Bently Nevada manufactures and sells asset protection and condition monitoring hardware, software and services for industrial plant-wide operations. Bently Nevada opened its first international office in 1969 in the Netherlands. It gained recognition as the leader in the field.[3] The company grew substantially over the years until in 2002 it had 1,200 people at its headquarters in Minden, Nevada, 2,100 employees worldwide, 100 offices in more than 40 countries, and global sales exceeding US$235 million. In January 2002 at age 78 Don Bently sold the business to GE Energy for between $600 million and $900 million.[21][30] Its products are used world-wide to monitor the mechanical condition of rotating equipment in a variety of industries including oil and gas production, hydroelectric, wind, hydrocarbon processing, electric power generation, pulp and paper, mining, water and wastewater treatment.
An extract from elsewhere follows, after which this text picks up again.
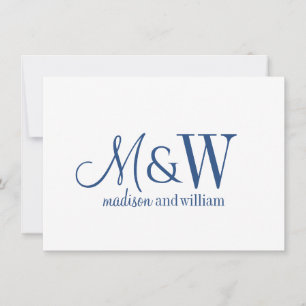 Carte De Correspondance Couple Monogramme Minimaliste Marine Script & Seri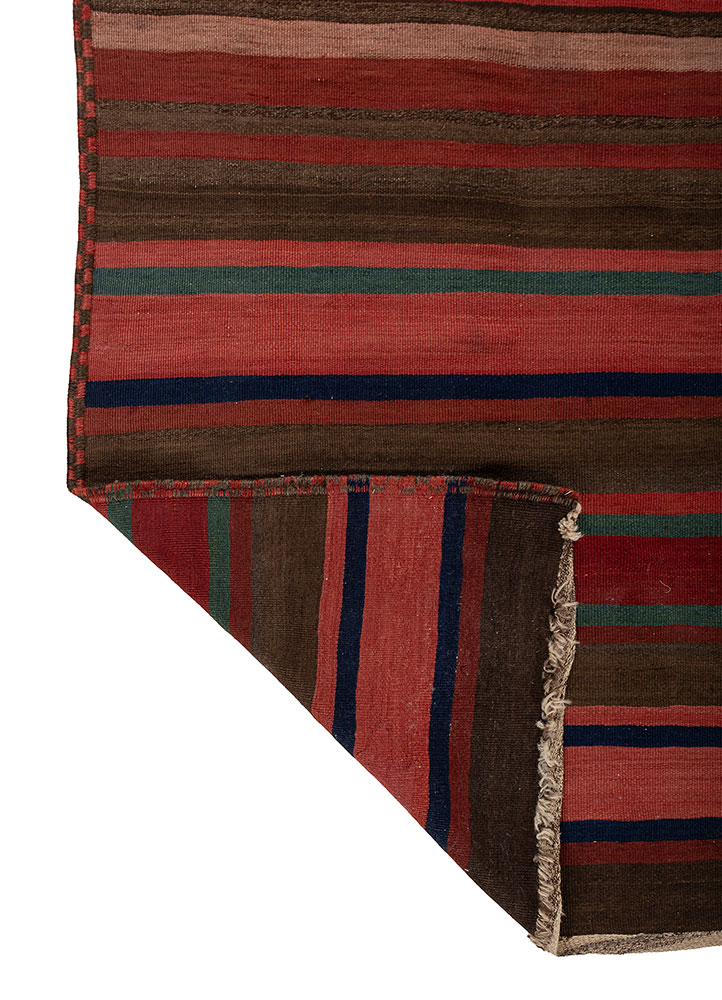nayaab beige and brown wool flat weaves Rug - Perspective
The bearing company manufactured a bearing that can hold a rotating axle in place. The technology injected highly pressurized air between the bearing and the rotating machinery, preventing the axle from touching the bearing, virtually eliminating friction.[31] Bently Pressurized Bearings was sold in 2014 to New Way Air Bearings.[32]
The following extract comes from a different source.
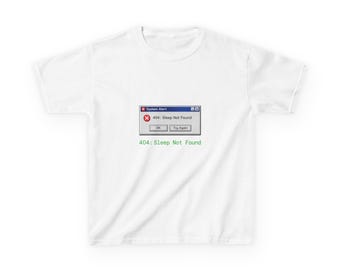404 Sleep Not Found Kids T-Shirt | Funny Tech Gift for Kids | Computer Humor Tee | Little Coder | Geeky Kid Shirt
BRDRC made a number of important contributions to the field of rotordynamics such as a better understanding of fluid-induced instabilities, advanced models for understanding shaft crack behavior, insight into rubbing malfunctions between stationary and rotating parts, and enhancement of the rotordynamic equations via introduction of a new variable lambda (λ) which denoted the fluid circumferential average velocity ratio and more accurately modeled hydrodynamic effects. Bently was personally responsible for many of these developments, publishing his work under the auspices of BRDRC. BRDRC also introduced several new data presentation formats, such as so-called "full" spectrum plots and "acceptance region" trend plots. Its research findings were published extensively in relevant technical journals, and the research that had practical commercial applications often found its way into the Bently Nevada product line. In 2002, BRDRC was sold along with Bently Nevada to GE Energy.[18]